··· Data for this exercise ···

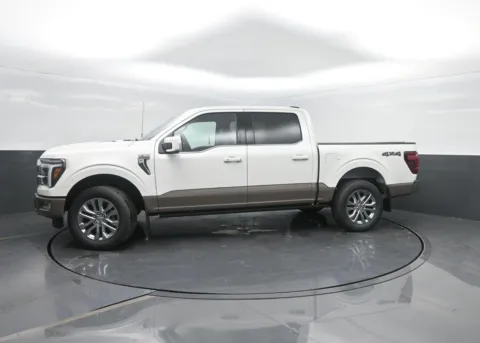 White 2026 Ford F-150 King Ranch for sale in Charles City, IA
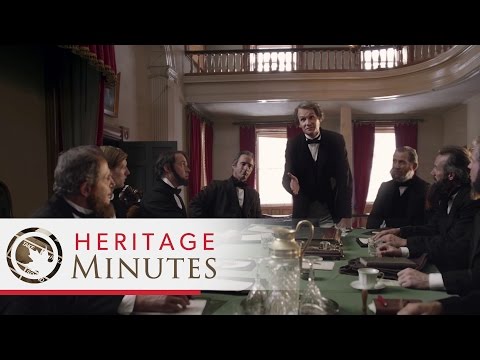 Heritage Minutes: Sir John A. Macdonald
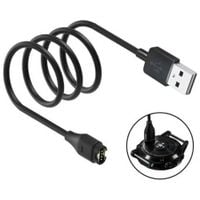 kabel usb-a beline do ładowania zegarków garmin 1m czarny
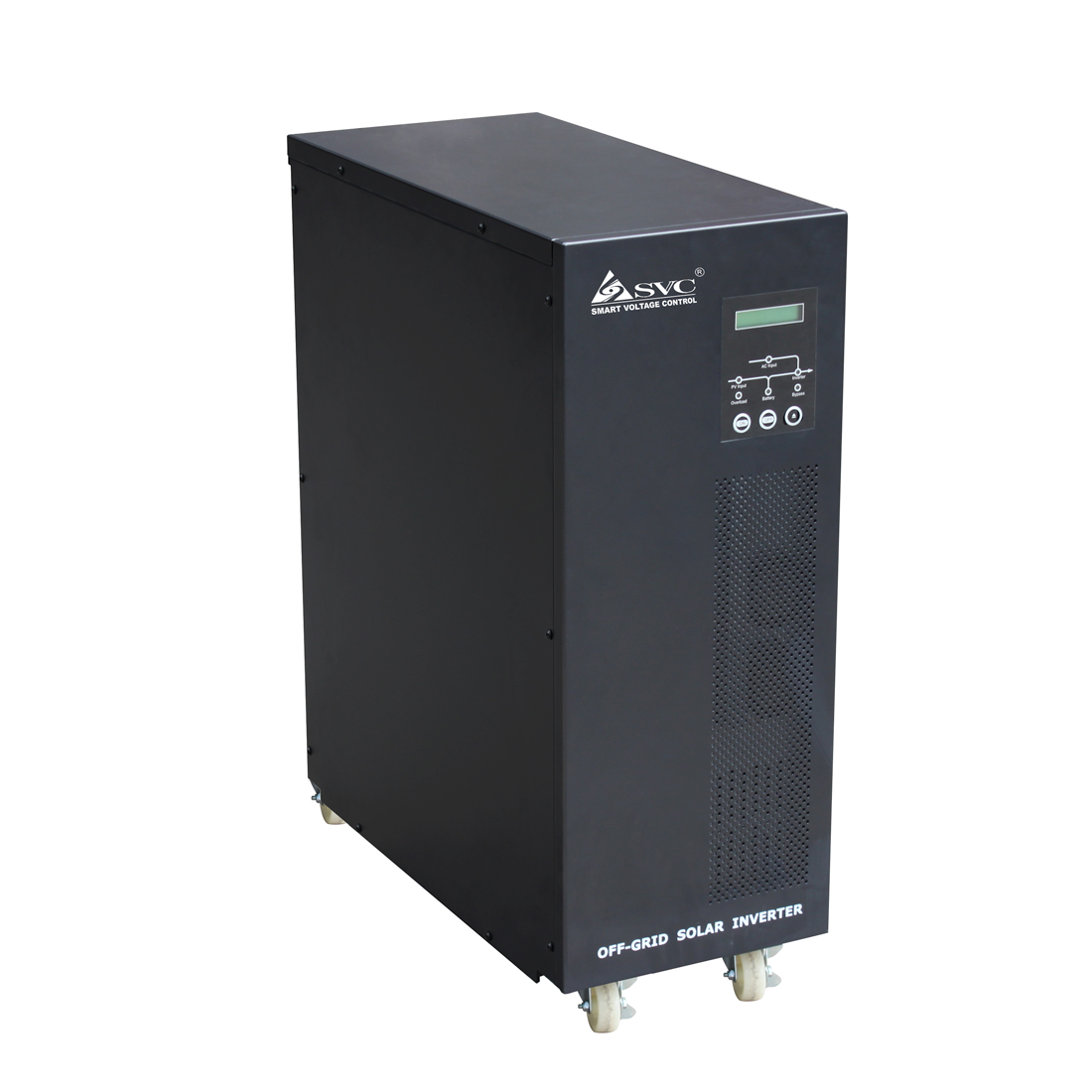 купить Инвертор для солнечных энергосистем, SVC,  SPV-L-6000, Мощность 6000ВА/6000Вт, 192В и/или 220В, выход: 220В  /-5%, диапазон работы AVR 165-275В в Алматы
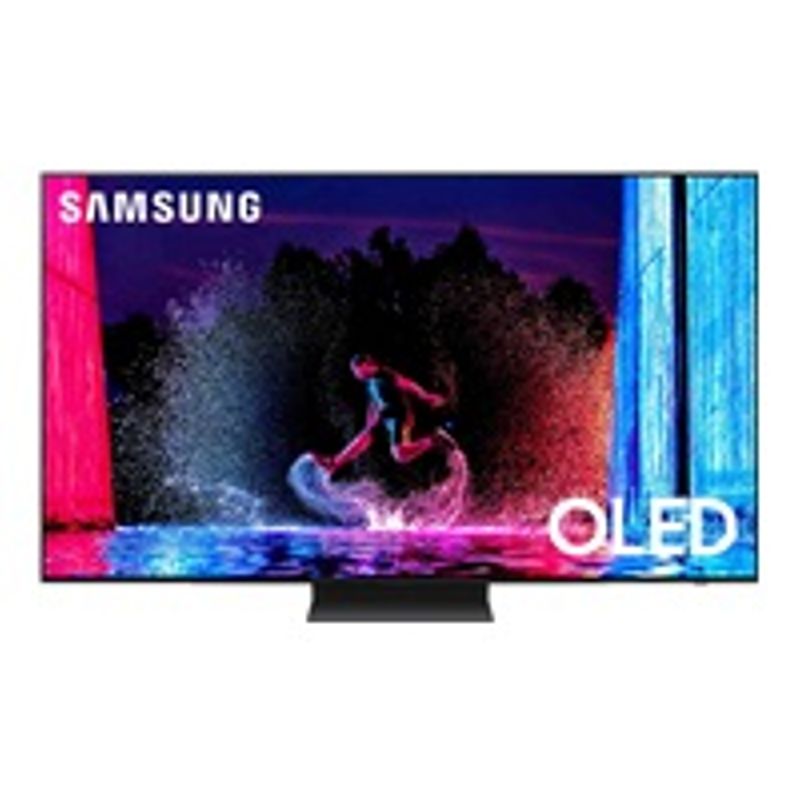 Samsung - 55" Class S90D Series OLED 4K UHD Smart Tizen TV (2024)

···

Assignment:
Give the entries back verbatim and omit the images.

Written reply:
 White 2026 Ford F-150 King Ranch for sale in Charles City, IA
 Heritage Minutes: Sir John A. Macdonald
 kabel usb-a beline do ładowania zegarków garmin 1m czarny
 купить Инвертор для солнечных энергосистем, SVC,  SPV-L-6000, Мощность 6000ВА/6000Вт, 192В и/или 220В, выход: 220В  /-5%, диапазон работы AVR 165-275В в Алматы
 Samsung - 55" Class S90D Series OLED 4K UHD Smart Tizen TV (2024)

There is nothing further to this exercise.